In Sidekiq you would set concurrency in sidekiq.yml to some value and then use perform_bulk:
class UpdateJob
include Sidekiq::Job
def perform(model_id, thing_to_change)
Model.find(model_id).update!(attribute: thing_to_change) # or whatever
end
end
# then in console or a rake task
ids = Model.all.pluck(:id)
array_of_args = ids.zip # puts each id in its own array to pass to perform_bulk
UpdateJob.perform_bulk(array_of_args, batch_size: 100) # Sidekiq says don't set this above 1,000
Things to be aware of
Postgres only has so many connections so you likely can’t do 10,000 concurrent updates against a Postgres database
When using threads, Active Record’s connection pool must be set properly. See Advanced Options · sidekiq/sidekiq Wiki · GitHub which will help with Sidekiq specifically but is generally useful for any other threaded solution.
Thanks for the approach but i want to use job via Threads Queuing will result in too many jobs in my Sidekiq Queue as there are a lot of records
You don’t need to have one job per record. The find_in_batches is useful for creating a block of records to then hand off to a job. Since you really just need to hand off the id to the job I usually combine with select('id') so I’m just grabbing that column. The actual job will load the full record for processing. Something like:
MyModel.select('id').find_in_batches batch_size: 1_000 do |batch|
MyJob.perform_later batch.pluck :id
end
The job then looks like:
class MyJob < ApplicationJob
def perform ids
for obj in MyModel.where id: ids
# Do something with obj
obj.save!
end
end
end
You may wish to surround the loop in your job with a transaction to avoid the overhead of a transaction per record. So:
class MyJob < ApplicationJob
def perform ids
MyModel.transaction do
for obj in MyModel.where id: ids
# Do something with obj
obj.save!
end
end
end
end
This will cause locks to be held longer on the records being processed for that batch so if that’s an issue you can adjust the job size to be smaller to run quicker.
If the job route is not what you want and you are looking for more of a one-off script you certainly can use threads. The two main things are:
Make sure your database configuration has enough connections in the connection pool to match your thread count. This both means setting the pool value in your database.yml correctly as well as configuring your database max connection count appropriately.
Use a thread pool. You still don’t want one thread per record as that will cause too much contention. Use the concurrent-ruby gem as it provides both a thread pool impl as well as threadsafe primitives to allow you to enqueue records to be processed by the threadpool.
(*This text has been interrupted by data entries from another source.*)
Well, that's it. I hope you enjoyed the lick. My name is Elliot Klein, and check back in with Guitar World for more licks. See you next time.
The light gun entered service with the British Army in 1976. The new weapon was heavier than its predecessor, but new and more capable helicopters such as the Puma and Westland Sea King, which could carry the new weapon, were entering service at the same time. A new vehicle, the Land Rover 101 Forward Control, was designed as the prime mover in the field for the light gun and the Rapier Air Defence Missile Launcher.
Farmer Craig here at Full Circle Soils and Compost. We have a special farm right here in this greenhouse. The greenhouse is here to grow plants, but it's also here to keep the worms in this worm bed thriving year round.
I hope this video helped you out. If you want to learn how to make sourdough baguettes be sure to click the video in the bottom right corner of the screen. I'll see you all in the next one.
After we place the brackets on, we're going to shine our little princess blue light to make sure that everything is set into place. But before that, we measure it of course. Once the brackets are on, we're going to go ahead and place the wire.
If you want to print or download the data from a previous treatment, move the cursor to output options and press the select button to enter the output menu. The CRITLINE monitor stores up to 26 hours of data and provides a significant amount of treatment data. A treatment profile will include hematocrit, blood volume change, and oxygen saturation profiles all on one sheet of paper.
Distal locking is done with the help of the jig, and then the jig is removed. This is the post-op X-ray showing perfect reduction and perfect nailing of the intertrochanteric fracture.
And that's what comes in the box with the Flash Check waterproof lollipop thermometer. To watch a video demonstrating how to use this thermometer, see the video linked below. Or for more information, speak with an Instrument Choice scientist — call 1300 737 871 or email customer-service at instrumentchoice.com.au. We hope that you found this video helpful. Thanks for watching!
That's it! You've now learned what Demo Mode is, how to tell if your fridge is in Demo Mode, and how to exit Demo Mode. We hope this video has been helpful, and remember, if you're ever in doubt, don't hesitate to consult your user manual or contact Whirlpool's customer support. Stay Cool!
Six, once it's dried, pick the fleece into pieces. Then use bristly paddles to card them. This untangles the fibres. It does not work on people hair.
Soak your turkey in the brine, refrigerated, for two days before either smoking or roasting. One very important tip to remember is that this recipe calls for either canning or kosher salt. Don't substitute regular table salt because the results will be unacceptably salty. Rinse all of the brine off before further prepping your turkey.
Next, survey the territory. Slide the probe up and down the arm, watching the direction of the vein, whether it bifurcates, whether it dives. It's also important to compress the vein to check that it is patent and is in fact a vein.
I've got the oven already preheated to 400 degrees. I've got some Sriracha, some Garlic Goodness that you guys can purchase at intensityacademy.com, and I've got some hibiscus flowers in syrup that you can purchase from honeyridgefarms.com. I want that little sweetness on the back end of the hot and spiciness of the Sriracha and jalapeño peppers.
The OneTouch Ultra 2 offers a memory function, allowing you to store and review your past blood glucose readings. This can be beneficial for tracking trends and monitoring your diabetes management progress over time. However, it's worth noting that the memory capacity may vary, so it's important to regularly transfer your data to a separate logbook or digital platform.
In the end, if you go this route at some point you are just making your own job system vs using the one provided out-of-the-box by Rails. In fact, if your concern is about infrastructure (setting up Sidekiq gem, setting up Redis, etc) you could just use the Async adapter for ActiveJob since it’s included in Rails. This essentially just wraps concurrent-ruby giving you environment of ActiveJob without any infrastructure making it ideal for one-off tasks. If not a one-off task but something you will do often I still recommend a real job server with persistent storage of the jobs so they can be managed, retried on failure, etc.
I am using CRuby and I want to avoid GIL
Regardless of if you use a job server or just regular threads in a thread pool there will be a sweet spot with concurrency for your setup. As you add threads you will gain concurrency and therefore process quicker. But if you have too many threads locking does come more into play. Not just the GIL but also locks in the database so additional threads will not help at some point and may start hurting. You just need to find that sweet spot for your environment.
Thanks for this answer. So I actually did use thread pools but the execution time was similar to that of serial execution. Can you tell me where I might have gone wrong
def script
start_t = Time.zone.now
thread_pool = Concurrent::ThreadPoolExecutor.new(
min_threads: 4,
max_threads: 8,
)
Model.find_in_batches(batch_size: 100).each do |batch|
thread_pool.post do
batch.each do |obj|
obj.attr = # assign something
obj.save!
rescue => e
# Log Error
end
end
end
thread_pool.shutdown
thread_pool.wait_for_termination
Rails.logger.info("Completed: Time Taken: #{Time.zone.now - start_t}")
end
I wonder if needs to be wrapped in Rails.application.executor.wrap? I’ll be honest I only have a fuzzy understanding of those aspects but more info can be found here.
Also, when processing each batch consider creating a transaction so each save isn’t doing the overhead of it’s own transaction. I.E.
Model.transaction do
batch.each do |obj|
..
end
end
Not really related to threading but a way to speed things up.
Can you elaborate a bit on what’s happening with the “assign something” line? Is it a fixed value? Is it calculated? Do you have callbacks on this model for updates?